Thursday, July 2, 2020

It’s been one year and a day since I began my weight loss journey! (462lbs —> 265lbs)

Hey r/loseit, u/fyrewal here and I’ve been a long time lurker of this subreddit and several others including r/intermittentfasting and others.

I began my weight loss journey on July 1, 2019, with a plan to log my calories (in MyFitnessPal), create a calorie deficit, intermittent fast and begin exercising. Doing those three things for the past 367 days I’ve lost 197 pounds going from my beginning weight of 462 pounds to my current weight of 265 pounds.

People have been asking me recently how I “did it,” how I lost so much weight, and there’s no magic bullet or one-size-fits-all weight loss plan. It took me years of trying and failed attempts to finally get it right and my progress today isn’t without a ton of personal willpower and hard work.

I guess what I’m trying to say is that for anyone reading this who is unhappy with their weight but has tried before and failed, don’t let your past failures discourage you and dictate your will to try again. I wish I could go back and tell younger me that was struggling with losing weight and plateauing that it is possible to lose weight and that I just had to educate myself on how to do it.

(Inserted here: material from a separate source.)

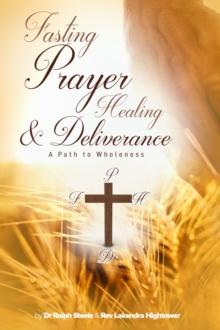 Fasting Prayer Healing & Deliverance : A Path To Wholeness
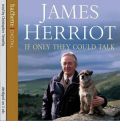 If Only They Could Talk by James Herriot Audio Book CD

That’s what r/loseit and r/intermittentfasting helped me to do, to educate myself on how to lose weight and I’m forever grateful to the entire community for the role it played in my success.

TL;DR researching on r/loseit and other subreddits helped me lose 197 pounds in 12 months and you can do it too!

Obligatory before and after pic: before/after

Edit: I went from a BMI of 59.3 to a BMI of 34.0.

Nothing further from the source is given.